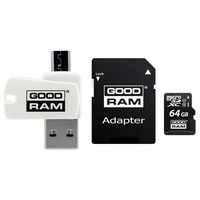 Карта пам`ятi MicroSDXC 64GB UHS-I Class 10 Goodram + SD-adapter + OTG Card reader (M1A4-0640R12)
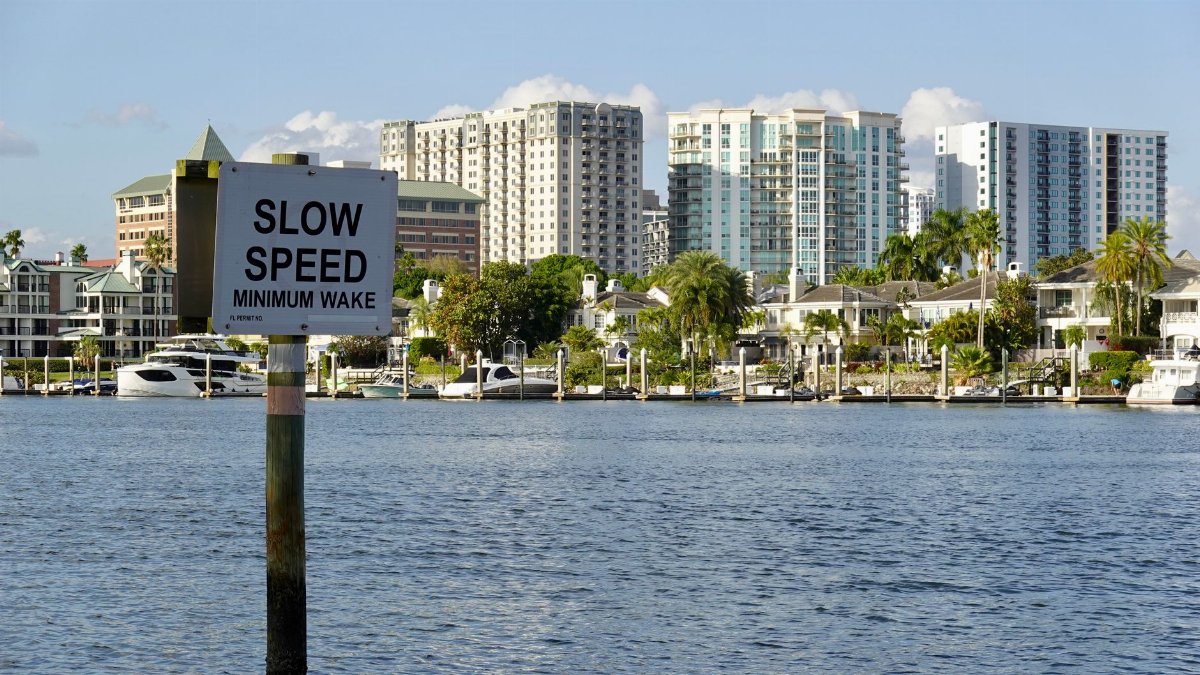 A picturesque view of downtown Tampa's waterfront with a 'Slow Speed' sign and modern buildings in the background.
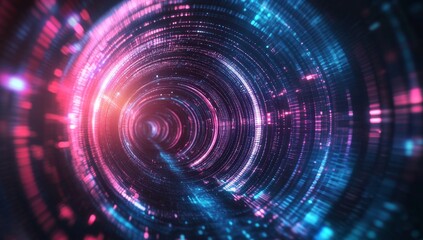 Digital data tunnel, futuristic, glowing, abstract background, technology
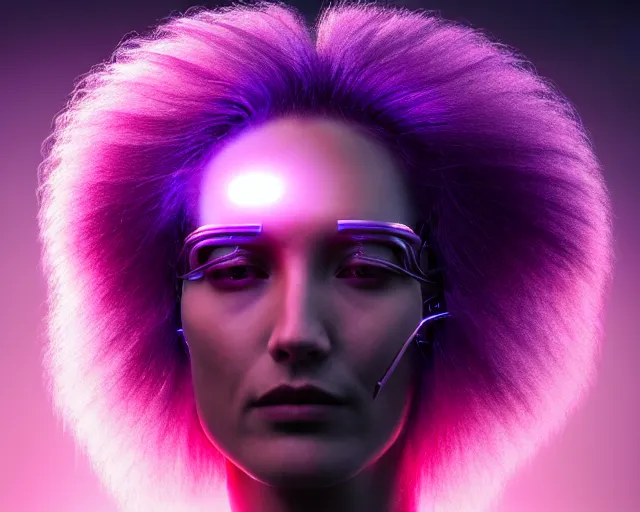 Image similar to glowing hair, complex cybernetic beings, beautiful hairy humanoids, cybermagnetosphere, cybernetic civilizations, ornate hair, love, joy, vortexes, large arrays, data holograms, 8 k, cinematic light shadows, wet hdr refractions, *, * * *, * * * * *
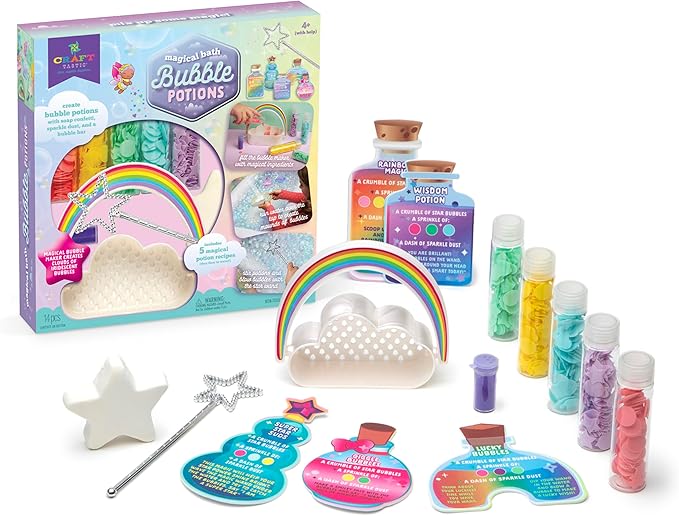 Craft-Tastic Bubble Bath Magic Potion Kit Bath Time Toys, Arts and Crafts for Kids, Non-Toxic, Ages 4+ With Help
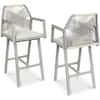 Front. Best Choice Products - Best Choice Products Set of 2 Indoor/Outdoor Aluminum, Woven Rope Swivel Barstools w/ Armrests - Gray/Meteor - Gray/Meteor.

________

## Assigned task
Write out the lines of the entries above exactly, beginning with the first and ending with the line that contains "Craft-Tastic Bubble Bath". No picture goes in.

## Written answer
 Карта пам`ятi MicroSDXC 64GB UHS-I Class 10 Goodram + SD-adapter + OTG Card reader (M1A4-0640R12)
 A picturesque view of downtown Tampa's waterfront with a 'Slow Speed' sign and modern buildings in the background.
 Digital data tunnel, futuristic, glowing, abstract background, technology
 Image similar to glowing hair, complex cybernetic beings, beautiful hairy humanoids, cybermagnetosphere, cybernetic civilizations, ornate hair, love, joy, vortexes, large arrays, data holograms, 8 k, cinematic light shadows, wet hdr refractions, *, * * *, * * * * *
 Craft-Tastic Bubble Bath Magic Potion Kit Bath Time Toys, Arts and Crafts for Kids, Non-Toxic, Ages 4+ With Help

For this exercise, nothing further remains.